A pro-opposition media outlet circulated footage of a powerful and hardline Islamist rebel coalition known as Jaish Al Fatah announcing that the campaign to break the government’s siege of the city’s east would begin “within hours”.

Syrian troops have besieged rebel-held parts of Aleppo for weeks, subjecting the districts to some of the worst air raids since a ceasefire brokered by the United States and Russia collapsed on September 19. Opposition activists say more than 600 people have been killed in Aleppo and neighbouring villages since then.

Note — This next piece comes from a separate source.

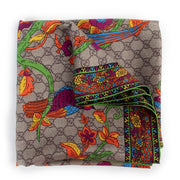 Shop safe online authentic second hand Gucci Monogram Floral Scarf in very good condition at the right price at Labellov Antwerp.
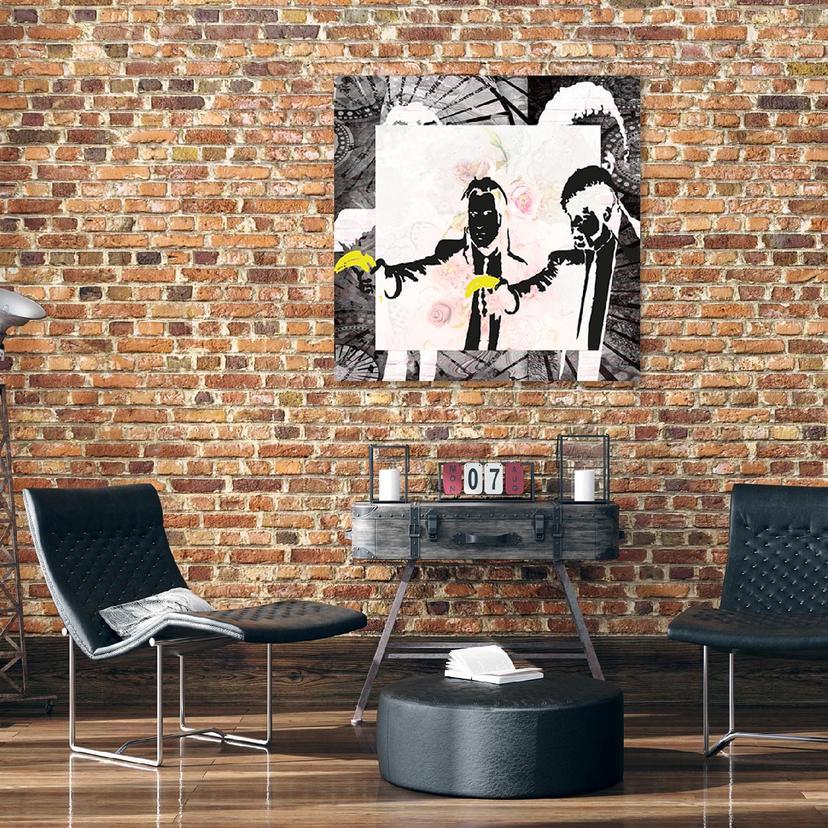 Stampe su tela, Banksy Pulp Fiction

Jaish Al Fatah commander Ali Abu Odai Al Aloush told the Qasioun News Agency that “zero hour has drawn near”, and that his militants had begun moving towards Aleppo. It was unclear when the interview was recorded.

A spokesman for the Nour Al Din Al Zinki rebel faction in Aleppo said an operation to break the government’s siege of the rebel-held eastern districts of Aleppo was “coming”.

The spokesman, Yasser Al Yousef, said the rebels would not intentionally target civilians in Aleppo’s government-held districts, but warned of collateral damage from the anticipated operations.

In Moscow, Russia’s Deputy Foreign Minister Sergei Ryabkov said Russia was not planning another humanitarian pause in Aleppo anytime soon.

“In order to resume it, our opponents need to make sure the anti-government groups behave properly,” he said in comments carried by Russian news agencies, blaming the rebels for the fact that medical evacuations from eastern Aleppo, planned during the pause, were scrapped at the last moment.

“What needed to happen didn’t happen... that’s why resuming a humanitarian pause is not on the agenda,” Ryabkov said. He also said that Moscow does not expect any new round of Syria peace talks in the Swiss city of Lausanne until after the US elections.

French Foreign Minister Jean-Marc Ayrault called for an end of the “massive bombing raids” by Russia and Syrian government forces in Aleppo to allow for the delivery of aid to beleaguered populations and the resumption of peace efforts in Syria.

Speaking during a joint news conference with his Turkish counterpart in Ankara Monday, Ayrault said: “it’s the only way that humanitarian aid can reach populations that really need it; it’s the only way that the negotiations can resume.”

Ayrault also said that there cannot be a “lasting peace” in Syria “outside of a political solution”.